HELENA YÁNEZ LOZA (Ecuador), noting that her country shared a border with Colombia and associating herself with CELAC, congratulated the people and Government of Colombia on the new peace accord. All necessary resources must be made available. Ecuador had seen the conflict first-hand, which made the peace announcement a source for hope. Borders marked a limit, as well as an open space “for building things together”. Peace in Colombia would continue to increase the rich relationship between the two nations and among others in the region. She recalled CELAC Declaration 15, adopted in January 2016, which had welcomed Colombia’s commitment to continue the negotiations that had led to the final agreement. It also had welcomed Security Council resolution 2261 (2016), outlining that CELAC would contribute to the Mission. Ecuador was eager to participate in all forms that were necessary to bring about lasting peace in Colombia.
JAKE HARRISON SHERMAN (United States) expressed concern about the recosting issue described in the first performance report and looked forward to finding a comprehensive solution to that matter.
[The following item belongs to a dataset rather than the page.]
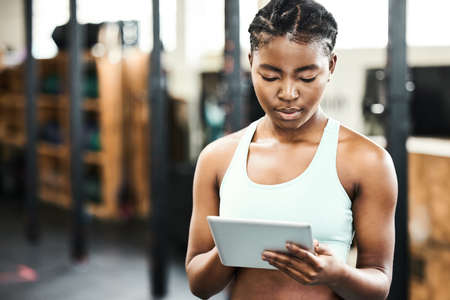 Im in for a tough workout. an attractive young woman standing alone in the gym and using a digital tablet.の写真素材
ABDULLAH ABU SHAWESH, observer for the State of Palestine, associating himself with the Group of 77 and China, referred to the representative of Israel’s protest on the implementation of a decision by the Human Rights Council, which he said showed that Israel considered itself to be above international law. Resolution 31/36 was about the compilation of a list of companies that operated in the settlements on the Occupied Palestinian Territory. He noted that the representative of Israel believed those settlements were part of Israel. According to the rules of the Fifth Committee, a debate on decisions made on the basis of ACABQ reports on other bodies could not be reopened. With regard to the settlements, the Human Rights Council resolution was a sincere attempt to apply international law. He said that a list of companies operating on occupied territory should be drawn up and disseminated, to help stop transactions with those companies. International law rejected those settlements and considered them to be an obstacle to the two-State solution.